Rui Moreira defendeu que a actualização de rendas era “razoável e útil”, mas não a qualquer preço. E, depois, voltou-se para os proprietários, dizendo que, apesar do “muito respeito” que tem por eles, irá estar “muito alerta” em relação à forma como eles lidam com espaços emblemáticos da cidade. “Estou muito preocupado com os cafés históricos e lojas tradicionais da cidade. Eles que aguentaram tanto tempo, subitamente, podem ser excluídos, quando, pela primeira vez, vêem que o investimento que fizeram começa a dar frutos?”, questionou. E afiançou: “Não queremos transformar o Porto na República Dominicana das cidades”.

À margem da conferência, o autarca confirmou aos jornalistas que “no limite” está disposto a avançar com expropriações, caso espaços que o município considere serem de interesse municipal estejam em risco de fechar as portas por causa do aumento das rendas. “Não consigo imaginar a cidade sem o [café] Guarany, sem o [café] Majestic, sem a Loja das Sementes”, disse.

Ainda durante a conferência, o secretário de Estado procurou sossegar o autarca, garantindo-lhe que a revisão em curso da Lei das Rendas vai permitir “um regime de protecção alargado” e, aos jornalistas, Miguel de Castro Neto, explica que o documento que está na Assembleia da República já não prevê um regime de protecção apenas para empresas que tenham até 5 trabalhadores e um milhão de euros de facturação anual, dobrando, em ambos os casos, o valor.
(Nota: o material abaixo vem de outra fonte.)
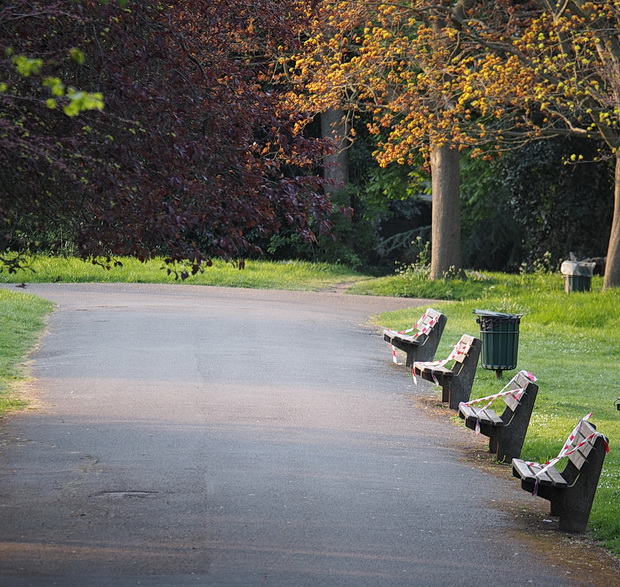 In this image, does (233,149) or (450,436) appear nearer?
(233,149)

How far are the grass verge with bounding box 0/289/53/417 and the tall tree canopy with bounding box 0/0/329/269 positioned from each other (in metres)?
4.16

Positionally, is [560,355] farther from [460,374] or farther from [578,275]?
[578,275]

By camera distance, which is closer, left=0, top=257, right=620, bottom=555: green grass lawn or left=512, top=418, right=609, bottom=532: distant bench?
left=512, top=418, right=609, bottom=532: distant bench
O prazo de transição para o regime de renda livre também aumenta, passando a ser de oito anos.

Rui Moreira diz que isto não chega. “Tenho dúvidas quanto ao número de trabalhadores”, afirmou o autarca, referindo que “facilmente” alguns cafés históricos da cidade têm mais de 10 trabalhadores.  O presidente da Câmara do Porto pede, assim, que a intervenção na Lei das Rendas “vá um pouco mais longe” e que haja maior protecção para estabelecimentos considerados de interesse público. “Entendo que este interesse público não possa ser decidido pelo município, pela proximidade, mas envolvendo, o exemplo, a Secretaria de Estado da Cultura”, defendeu.

Na conferência, o presidente da SRU, Álvaro Santos, mostrou-se optimista quanto ao futuro da reabilitação urbana, defendendo que a nova missão da Porto Vivo é “alargar” essa reabilitação a toda a cidade. Para tal, afirmou, “está a trabalhar, em estreita parceira com a Câmara do Porto, na delimitação de novas Áreas de Reabilitação Urbana, nomeadamente, dos Aliados, Cedofeita, Bonfim, Miragaia, Lapa e Santos Pousada”.
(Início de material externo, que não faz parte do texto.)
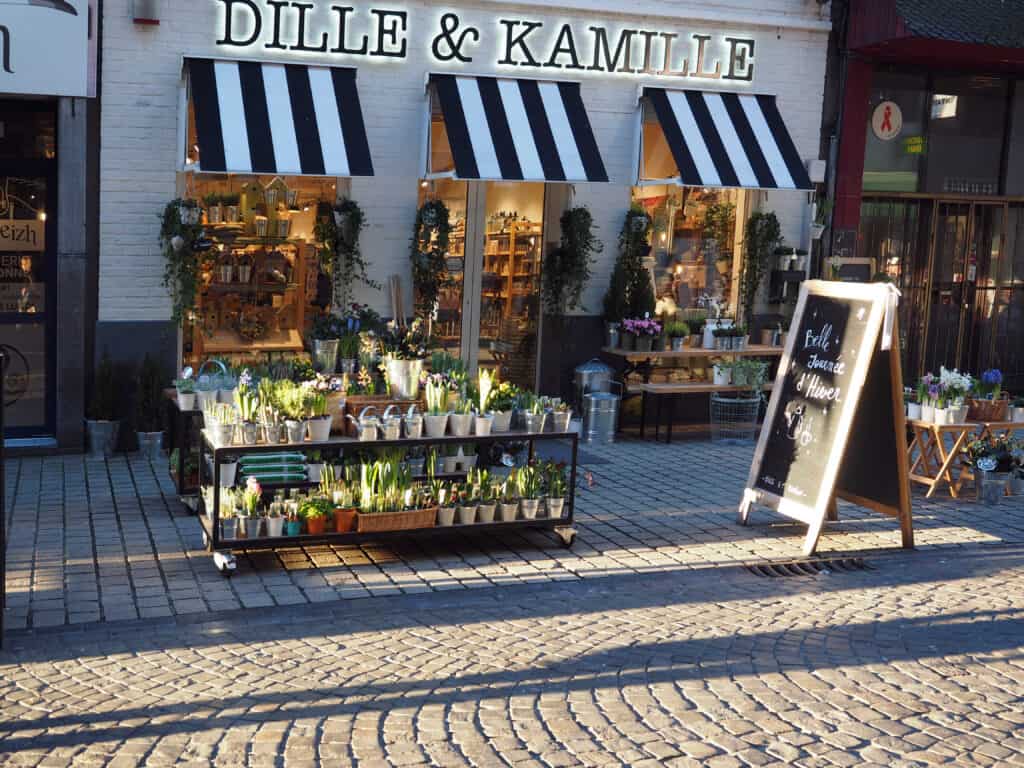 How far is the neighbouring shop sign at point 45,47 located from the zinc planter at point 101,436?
111 inches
O responsável pela Porto Vivo disse ainda que a previsão para os próximos 15 anos é que estas novas ARU’s venham a beneficiar de “cerca de 200 milhões de euros de investimento público” e de “1300 milhões de euros” de investimento privado. Já as receitas fiscais e de licenciamentos geradas por estes investimentos deverão ascender também aos “200 milhões de euros”, afirmou.

O secretário de Estado também tinha milhões para anunciar à plateia. Miguel de Castro Neto disse que o seu gabinete está a “trabalhar” com a Secretaria de Estado do Desenvolvimento Regional “na criação de mecanismos financeiros para a reabilitação urbana”. Uma espécie de “balcão único” onde se poderão dirigir todos os que procuram financiamento público – nacional, internacional e de fundos comunitários – para a reabilitação urbana e que o governante tem a expectativa de ver nascer com 1500 milhões de euros, incluindo “600 milhões [do ciclo de fundos comunitários] Portugal 20/20”, disse.